■ **PROBLEM**:
Word for word, copy the records and drop the pictures.

================================

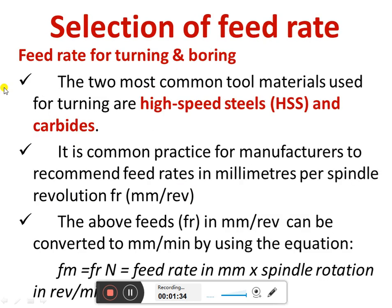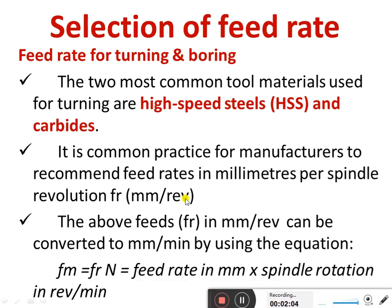For the selection of feed rate in turning and boring, the two most common tool materials used are high speed steel (HSS) and carbides. In common practice, manufacturers recommend feed rates in millimeters per spindle revolution (mm/rev). This can be converted to mm per minute by multiplying the feed rate in mm/rev by the spindle rotation in revolutions per minute (RPM).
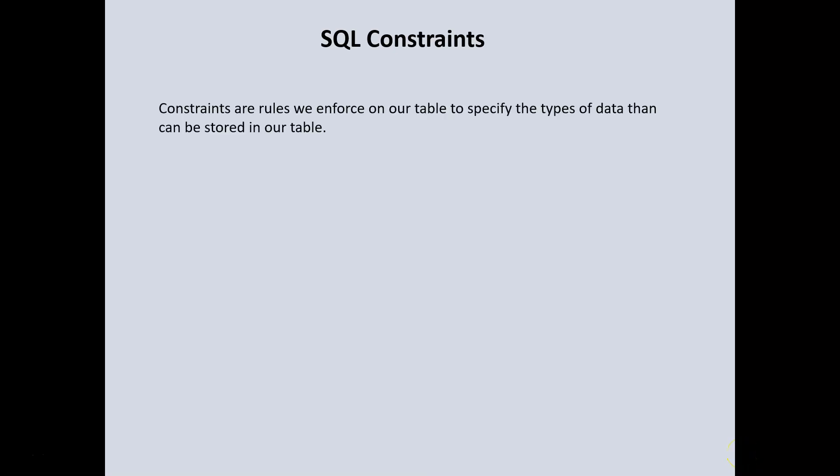What are constraints in SQL? Constraints are rules we enforce on our table to specify the types of data that can be stored in our table. Constraints can be applied on either the column level or on the table level.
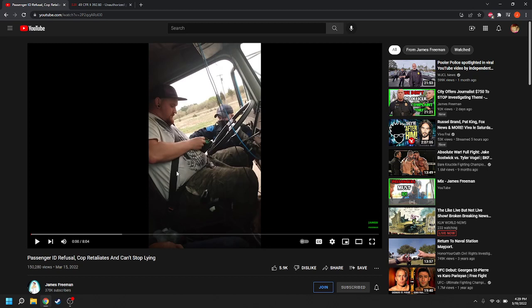I'm not saying I agree with any of this. I'm just suggesting to you that it is the current state of the law. Now, James Freeman in this video thinks that because there is a passenger, the passenger doesn't have to identify, and he may be right about that passenger not having to identify.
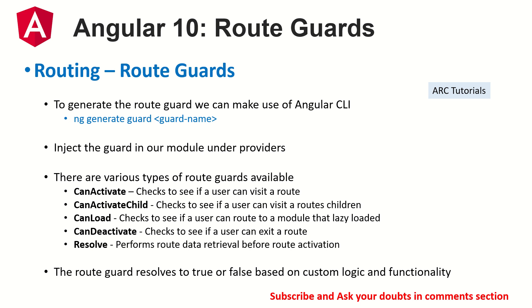So how do you generate a route guard? You generate using ng generate guard followed by the guard name. There are four main interfaces like CanActivate, CanActivateChild, CanLoad and CanDeactivate. Today we are learning about CanActivateChild.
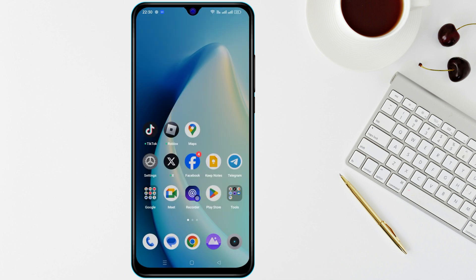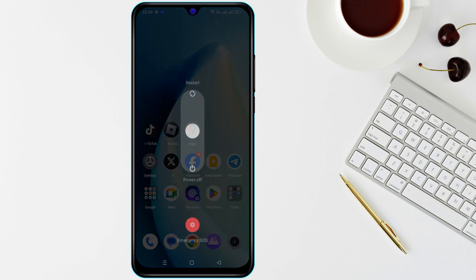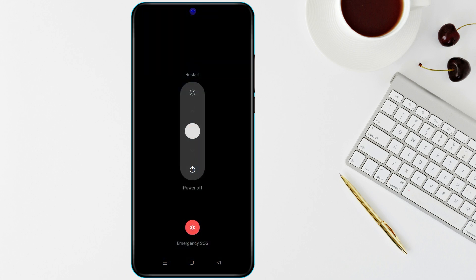If the sound problem persists, restart your device. A simple reboot can fix temporary glitches — just hold the power button and select Restart or Reboot.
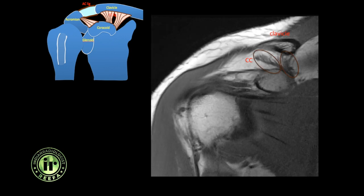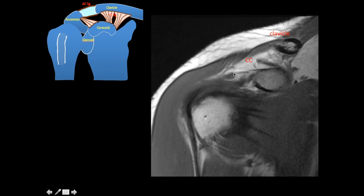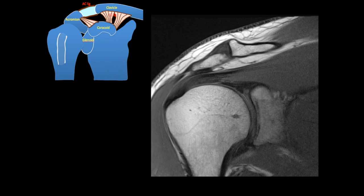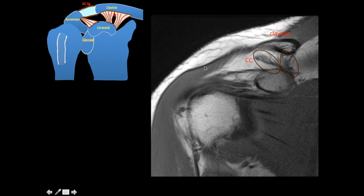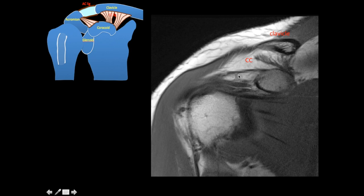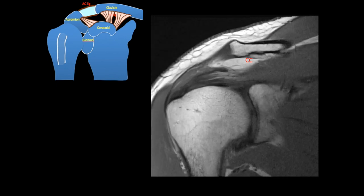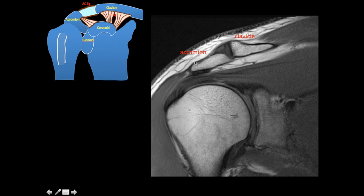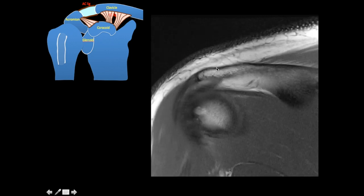Going back, you can also identify the coracoacromial ligament — tracing it shows it attaches to the undersurface of the acromion process. This ligament is not a stabilizer of the AC joint, but it is important because if the CC ligament is injured and not visible, you may mistake the coracoacromial ligament for an intact coracoclavicular ligament. Always trace both ends of a ligament before diagnosing whether an injury is present. More posteriorly you can see the superior and inferior acromioclavicular ligaments and the AC joint space.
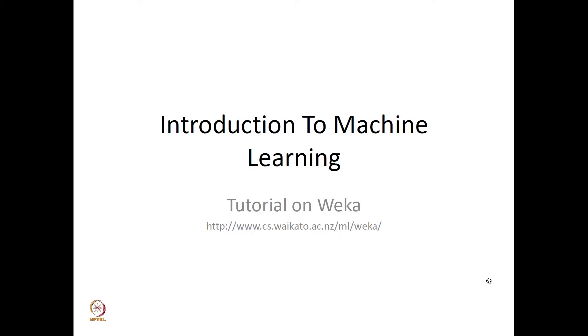Hello and welcome to this tutorial on WEKA. WEKA is an open source and freely available software package containing a collection of machine learning algorithms. The algorithms present in WEKA are all coded in Java and they can be used by calling them from your own Java code.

================================

■ **ANSWER TO THIS EXERCISE**:
For the selection of feed rate in turning and boring, the two most common tool materials used are high speed steel (HSS) and carbides. In common practice, manufacturers recommend feed rates in millimeters per spindle revolution (mm/rev). This can be converted to mm per minute by multiplying the feed rate in mm/rev by the spindle rotation in revolutions per minute (RPM).
What are constraints in SQL? Constraints are rules we enforce on our table to specify the types of data that can be stored in our table. Constraints can be applied on either the column level or on the table level.
I'm not saying I agree with any of this. I'm just suggesting to you that it is the current state of the law. Now, James Freeman in this video thinks that because there is a passenger, the passenger doesn't have to identify, and he may be right about that passenger not having to identify.
So how do you generate a route guard? You generate using ng generate guard followed by the guard name. There are four main interfaces like CanActivate, CanActivateChild, CanLoad and CanDeactivate. Today we are learning about CanActivateChild.
If the sound problem persists, restart your device. A simple reboot can fix temporary glitches — just hold the power button and select Restart or Reboot.
Going back, you can also identify the coracoacromial ligament — tracing it shows it attaches to the undersurface of the acromion process. This ligament is not a stabilizer of the AC joint, but it is important because if the CC ligament is injured and not visible, you may mistake the coracoacromial ligament for an intact coracoclavicular ligament. Always trace both ends of a ligament before diagnosing whether an injury is present. More posteriorly you can see the superior and inferior acromioclavicular ligaments and the AC joint space.
Hello and welcome to this tutorial on WEKA. WEKA is an open source and freely available software package containing a collection of machine learning algorithms. The algorithms present in WEKA are all coded in Java and they can be used by calling them from your own Java code.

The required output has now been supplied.